It seems like it was just the other day that my journey of motherhood began. It is difficult to believe that my oldest child just turned 16! As a mother who is pregnant with her seventh child, the years have gone by quickly and yet many moments have dragged on. As a dear friend wisely surmised, “The days are long but the years are short.” I have climbed many mountains, many lessons have been learned for my husband, my children, and myself and yet it isn’t over, soon will be “restarting” with this little one.
I think back when I first began my journey as a mother in my twenties. This was a time of reading up on how to parent, of reflecting and anticipating what I wanted from life, and of much silence. When the baby arrived, the silence was quickly filled with the constant sound of newborn crying. I would turn on NPR for companionship during the day. I felt so isolated; only a few of my peers were also mothers. I longed for more good Christian/Catholic friends to share my life experiences with, and thankfully, I this companionship in my thirties.
In my thirties, I have been blessed with many memories of play-dates at the park, preschool programs, school activities, and family centered events. I have enjoyed seeing my children mature in their gift areas and overcome their own challenges. My thirties were time of establishing my “personal voice” and figuring out how to allot my time and talents. I was able to evaluate what causes were near to my heart and how I could best serve others. Truly, its hard to believe that decade is almost over.

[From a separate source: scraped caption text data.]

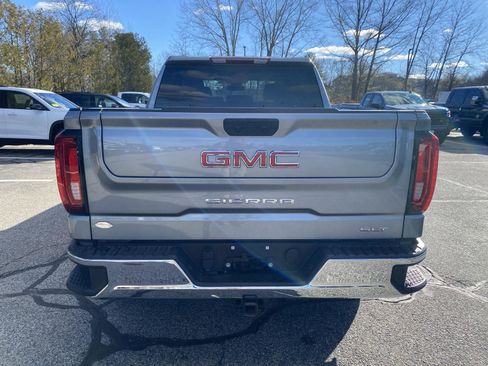 Used 2025 GMC Sierra 1500 SLT image 6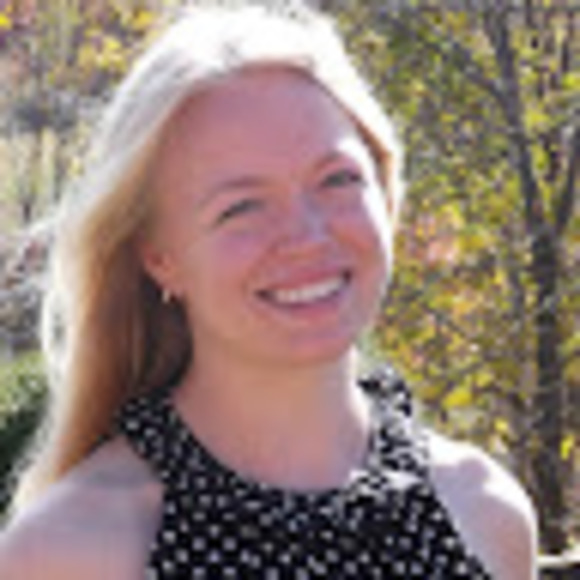 Profile Picture of Bianca Schroeder (@biancaschroe402) on Poshmark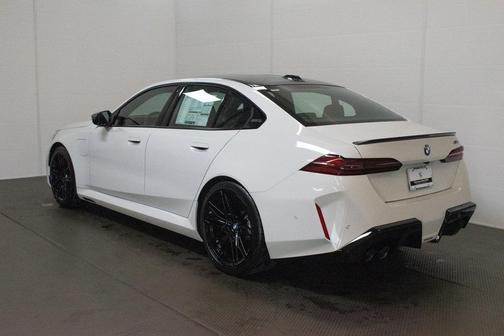 2026 BMW M5 Base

Now as I embark in my forties, I have come to realize that what I used to want because it was “cool” is no longer relevant. Some wants just don’t apply to me anymore. Instead, I want to live for others, to breathe for God, and have a single desire for my heart to grow in the ability to love the will of God. For I have discovered that if I can love God’s will in my life then I can overcome the tremendous obstacle that causes so may of us women to struggle; to love what God gives us and to having faith during the difficult times.
This year, I’m embarking on my fortieth birthday, pregnant with my seventh child and preparing for a new decade in my life. I am determined to once again be athletic and rebound from this pregnancy with new energy for life, and yet, the goal in my forties will also be to not run my race in vain, but rather, to do all tasks to glorify God.
So what have I learned in these last 16 years?
I have learned that your husband needs to be your best friend. While your children are like gems that shine their own light, which gives forth much joy, they cannot outshine the will of God and the brightness of the marriage. When we have strong marriages, everything runs smoothly.
I hope to not “divide and conquer” through my parenting in my forties, but instead, to cherish and experience more memories with my husband. This concept includes sharing in the responsibility of parenting. To divide the parenting tasks is a danger zone if you do it for too long.
My fortieth birthday will not be the one I envisioned a few years ago, for I will be eight months pregnant. I’m sure I’ll have the same heartburn that has plagued me during my six other pregnancies (to the point where eating is challenging), difficulty breathing from the weight of my large babies, and limited movement, no morning jogs for me. And yet, I am resolved to move forward in this new journey of life and seek to do the will of God, serving with love in my heart, and ready to climb new mountains.
As I blow out my candles, I will be thinking of my birth, the birth of this little one still to come and the births of my 6 other children. My prayer is that I am wise and thoughtful in my 40’s and never forget the gift of being able to parent over 3 decades.
May God bless and help the mothers who are still having children over three decades of their life!